What I need is an exact repeat of the lines from the one with "Regal Lion Outdoor" through the end of the listing below. Leave out every picture.

----

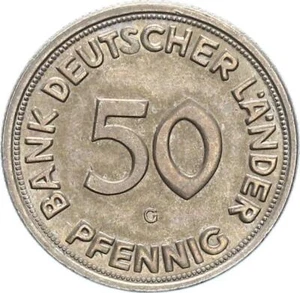 BRD Kursmünze 50 Pfennig 1950 G (Karlsruhe) Bank Deutscher Länder J 379 - Bild 1 von 3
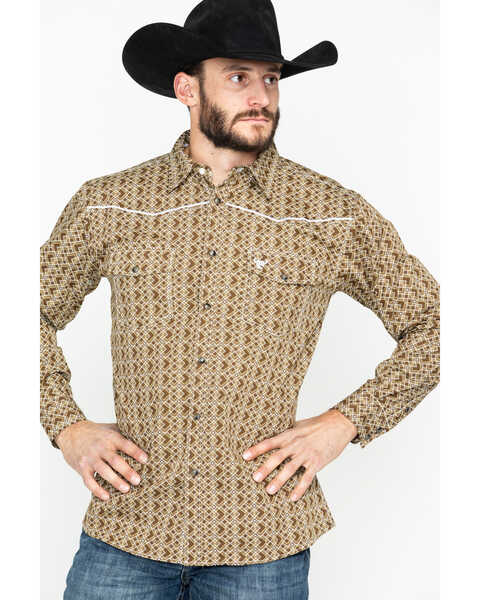 Image #5 - Cowboy Hardware Men's Double Diamond Print Long Sleeve Western Shirt , Tan, hi-res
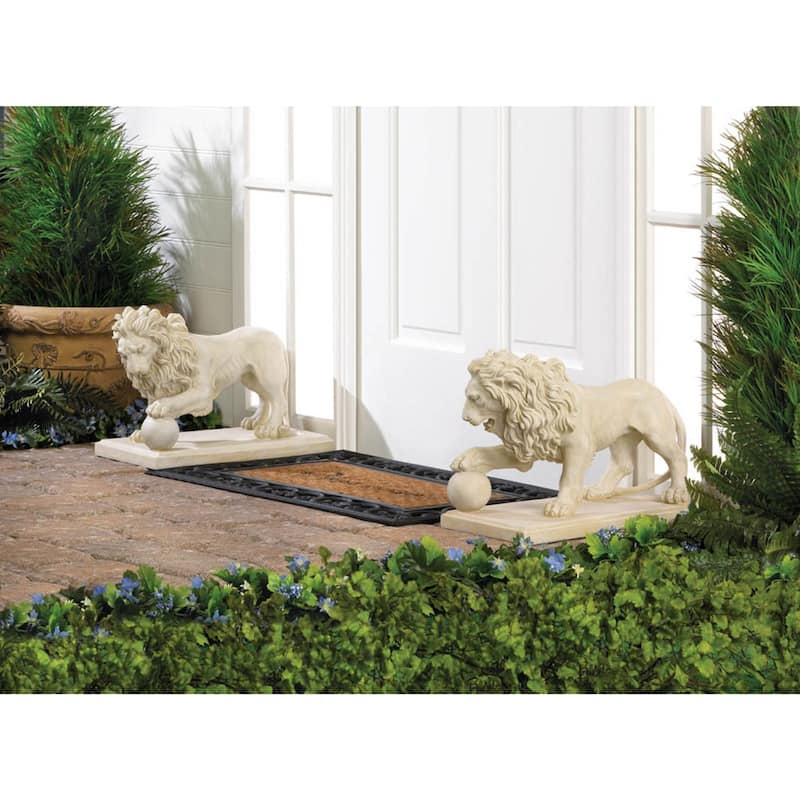 Regal Lion Outdoor Statues - 16" - Beige - Set of 2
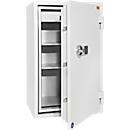 Kluis FRS 93, brandwerendheid LFS 60P volgens EN 15659, veiligheidsniveau S 2, elektronisch slot, 2 legborden &amp; 1 uittrekbare lade, B 565 x D 450 x H 972 mm, lichtgrijs RAL 7035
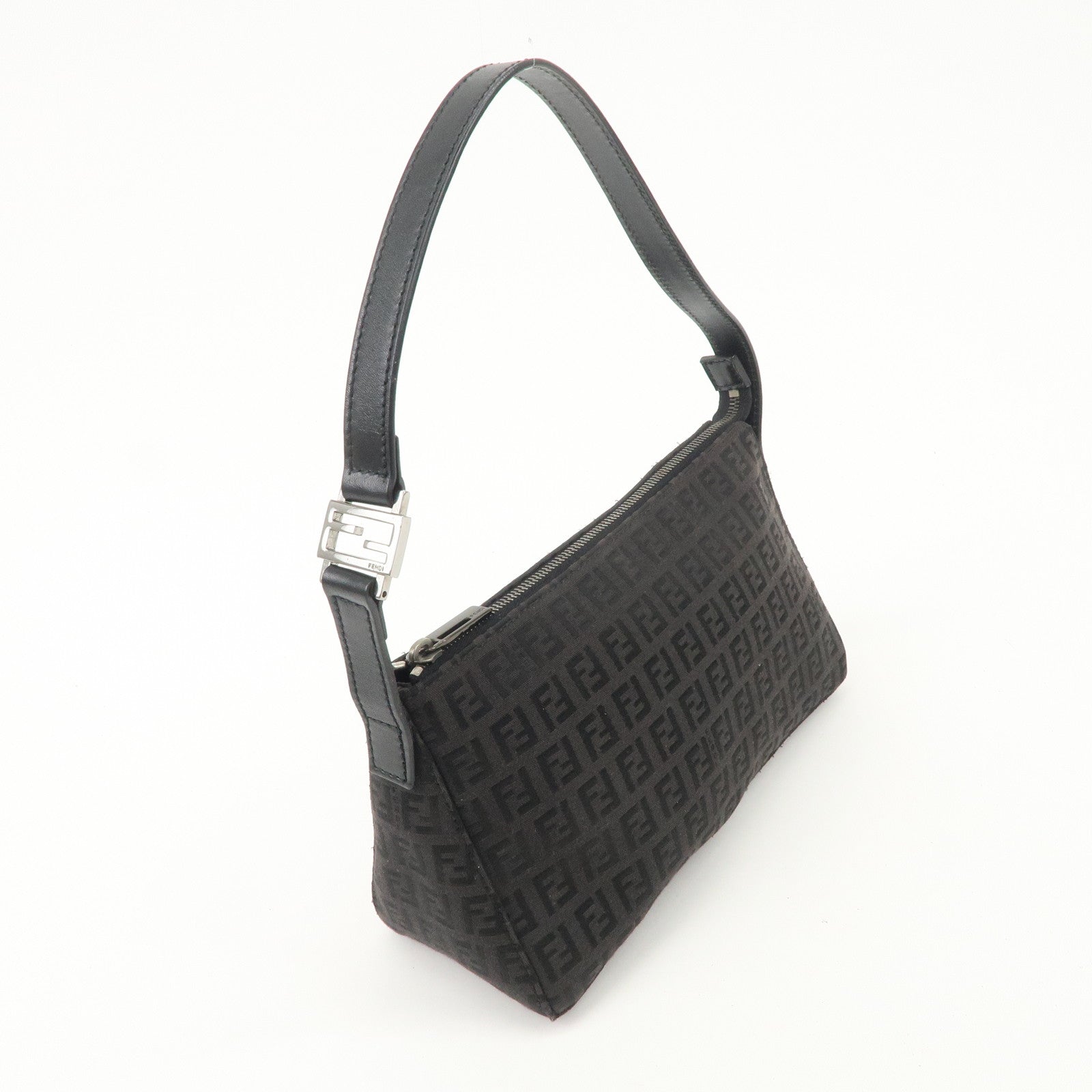 FENDI Zucchino Canvas Leather Shoulder Bag Black Brown 8BR444 Used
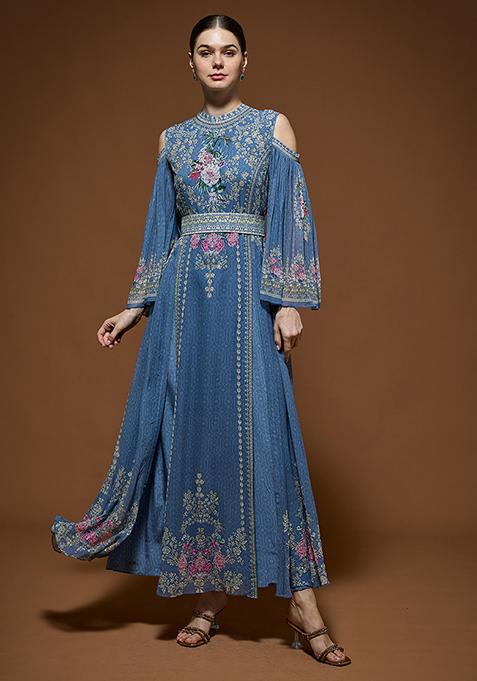 Blue And Grey Rhinestones Embroidered Bemberg Crepe Kaftan Set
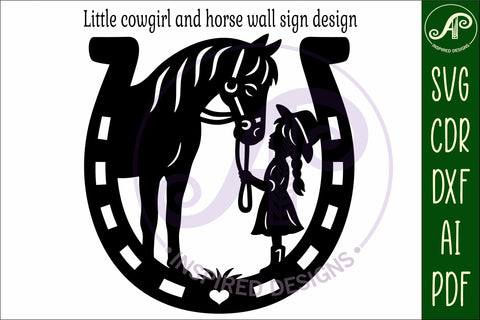 Little cowgirl and horse wall sign svg laser cut SVG APInspireddesigns 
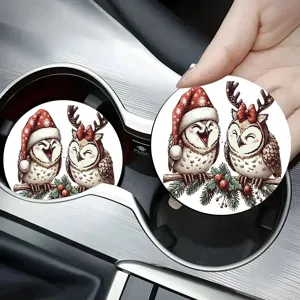 Christmas owl car coaster detail shot, cute holiday silicone cup mat for auto and home decor.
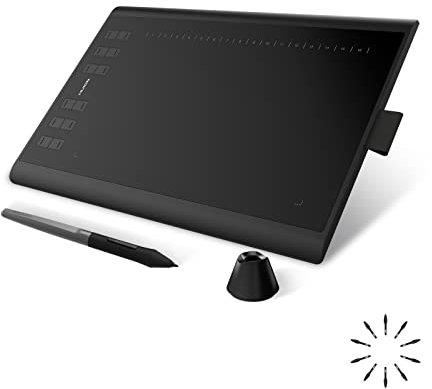 HUION Inspiroy H1060P Zeichentablett mit 8192 Druckempfindlichem, Batterielosem Stift und 12 Benutzerdefinierten Hot Keys, 10 x 6,25 Zoll Grafiktablett zum Zeichnen, Schreiben, Entwerfen, Unterrichten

----

- EXERCISE ANSWER:
 Regal Lion Outdoor Statues - 16" - Beige - Set of 2
 Kluis FRS 93, brandwerendheid LFS 60P volgens EN 15659, veiligheidsniveau S 2, elektronisch slot, 2 legborden &amp; 1 uittrekbare lade, B 565 x D 450 x H 972 mm, lichtgrijs RAL 7035
 FENDI Zucchino Canvas Leather Shoulder Bag Black Brown 8BR444 Used
 Blue And Grey Rhinestones Embroidered Bemberg Crepe Kaftan Set
 Little cowgirl and horse wall sign svg laser cut SVG APInspireddesigns 
 Christmas owl car coaster detail shot, cute holiday silicone cup mat for auto and home decor.
 HUION Inspiroy H1060P Zeichentablett mit 8192 Druckempfindlichem, Batterielosem Stift und 12 Benutzerdefinierten Hot Keys, 10 x 6,25 Zoll Grafiktablett zum Zeichnen, Schreiben, Entwerfen, Unterrichten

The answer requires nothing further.